Diese Erfahrungen zeigen, dass KI Routinearbeit beschleunigt und Qualität in der Informationsaufbereitung erhöht.
Über den Kundenservice hinaus entfaltet KI besonderes Potenzial in wissensintensiven Bereichen wie dem Requirements Engineering (RE) – also dort, wo Anforderungen erhoben, strukturiert, priorisiert und für die Umsetzung vorbereitet werden.
Warum KI gerade im Requirements Engineering überzeugt
Der Erfolg von IT-Projekten hängt maßgeblich von der Qualität der Anforderungen ab.

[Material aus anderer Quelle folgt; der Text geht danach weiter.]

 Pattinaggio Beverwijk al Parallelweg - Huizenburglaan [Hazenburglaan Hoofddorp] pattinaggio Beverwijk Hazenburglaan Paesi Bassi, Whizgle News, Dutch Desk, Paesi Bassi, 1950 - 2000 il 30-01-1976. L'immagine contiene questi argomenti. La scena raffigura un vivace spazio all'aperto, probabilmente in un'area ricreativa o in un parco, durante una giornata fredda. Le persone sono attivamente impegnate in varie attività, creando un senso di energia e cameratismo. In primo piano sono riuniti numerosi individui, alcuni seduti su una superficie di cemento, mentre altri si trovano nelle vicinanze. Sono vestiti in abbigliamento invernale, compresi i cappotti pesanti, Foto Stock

Klassische Vorgehensweisen – Dokumente sichten, Interviews führen, Ergebnisse konsolidieren – sind arbeitsintensiv und anfällig für Unschärfen.
KI wirkt hier als produktiver Hebel:
- Schnelle, präzise Recherche:
Fachliteratur, Normen, regulatorische Vorgaben oder interne Wissensquellen werden in Sekunden analysiert und zusammengefasst. - Spracherkennung & Transkription:
Workshops, Interviews und Reviews werden automatisch erfasst und in strukturierte Notizen überführt. - Textanalyse:
KI erkennt Inkonsistenzen, Redundanzen, Widersprüche oder fehlende Annahmen in Anforderungsdokumenten. - Strukturierung:
Große Informationsmengen werden entlang von Epics, Features und User Stories geordnet.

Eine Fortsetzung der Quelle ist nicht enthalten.